Questo purtroppo non è accaduto perché la sentenza del Tribunale di xxx, nel 2010, decretò che la ricostruzione dei fatti non era attendibile.

Nel 2011, nella speranza di avere giustizia, andammo in appello. Purtroppo ottenni lo stesso responso. Voglio però precisare che i vari periti, la neuropsichiatra e la psicoterapeuta, hanno confermato che avevo subito violenze sessuali e lo hanno anche testimoniato in tribunale, a xxx. I servizi sociali del […], dove risiedo, evidentemente non concordi con le due sentenze di primo grado e di appello, hanno sottoposto i documenti processuali al TRIBUNALE DEI MINORI DI yyy che per direttissima, il 9/02/2012, HA TOLTO LA PATRIA POTESTA’ al mio ex padre. A questo punto mi sembra di aver subito un ulteriore violenza pensando che, dopo 6 anni di processi avvenuti in […], il mio ex padre è stato scagionato, mentre il Tribunale dei Minori di yyy in brevissimo tempo, leggendo le stesse carte, gli ha tolto la patria potestà, sottolineando che sia dalla mia testimonianza che dai miei comportamenti non verbali, si evinceva che i fatti erano realmente accaduti e che era impossibile che fossi stata “ suggestionata da mia madre” argomentazione invece sostenuta dal Tribunale di xxx.

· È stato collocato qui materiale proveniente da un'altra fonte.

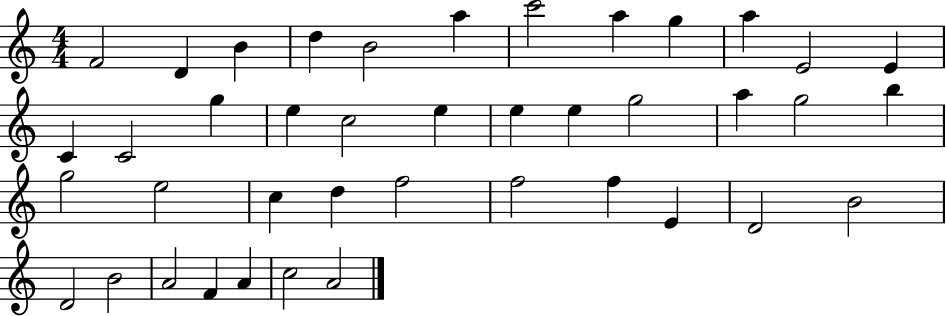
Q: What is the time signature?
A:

Il mio ulteriore rammarico e timore, era quello di sapere che una persona così pericolosa fosse stata lasciata in libertà e potesse quindi far del male ad altri innocenti. Mi è stato successivamente riferito che il mio ex padre sia stato recluso nel REMS, una struttura che accoglie autori di reati socialmente pericolosi e questo confermerebbe i miei timori più grandi.

Ho deciso di rendere pubblico il mio vissuto, esponendomi in prima persona, a seguito di una telefonata ricevuta da una delle sorelle del mio ex padre, il mese scorso, in cui mi urlava degli insulti tra i quali l’accusa ingiusta di essere una bugiarda. Questo mi ha motivata a rendere pubblica la mia vicenda mettendoci “la faccia“, per incoraggiare le persone che come me subiscono o hanno subito abusi di ogni genere e non hanno la forza di denunciare e parlare. Ci tengo a precisare che non siamo noi a doverci vergognare e nascondere, bensì coloro che ci fanno del male, tutti coloro che li proteggono e ancora di più gli omertosi che fanno finta che tutto vada bene!

Nonostante il cammino sia stato lungo, travagliato e doloroso, URLO:

SOLO DENUNCIANDO POSSIAMO FERMARLI!

Oggi mi sento pienamente realizzata nella mia vita, sia dal punto di vista affettivo che professionale. Desidero che venga divulgata la mia vicenda per essere compagna di strada a più persone possibili per trasmettere la SPERANZA E LA GIOIA.

Ho imparato che le parole debbano essere sostenute dai fatti e per questo credo sia opportuno: confrontarci, sostenerci, incoraggiarci e creare coesione perché L’UNIONE FA LA FORZA!

Tutti insieme, guardando avanti, scopriremo che ci sono e ci saranno sempre … NUOVI ORIZZONTI!!